I knew the context ;-). There is a bit of devil's advocate in my blood
I confess ;-).
My experience is that the autofoo commands work really well for C, and
less well so for shell scripts. And, what's the big difference between
calling a system binary we have no control over versus one of our own
that we do have control over?
> The current problem is simply that the system "ping" in different OSes has
> different options, and the current discussion is about how to handle that.
And some OSes provide options that others don't.
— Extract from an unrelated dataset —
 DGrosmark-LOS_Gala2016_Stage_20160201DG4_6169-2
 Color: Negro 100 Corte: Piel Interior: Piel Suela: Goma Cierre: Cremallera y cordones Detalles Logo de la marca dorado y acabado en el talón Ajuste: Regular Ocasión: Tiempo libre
Not just that they
need different flags.
> So I'm wondering whether, in the case of script-based (not C) callers, we
> could simply have a shell function (e.g. "pingfn") with a fixed interface
> acting as a wrapper to the system-shell ping command and handling all the
> relevant OS incompatibilities.
One could certainly do that. It would have to detect at run time which
thing to do. Or I suppose one could have something like this:
if test "we are on solaris"; then
ourping() {
}
else if test "we are on linux" then
ourping() {
}
Or one could use autofoo to detect which options we need and pass them
through all the autofoo stuff to the script.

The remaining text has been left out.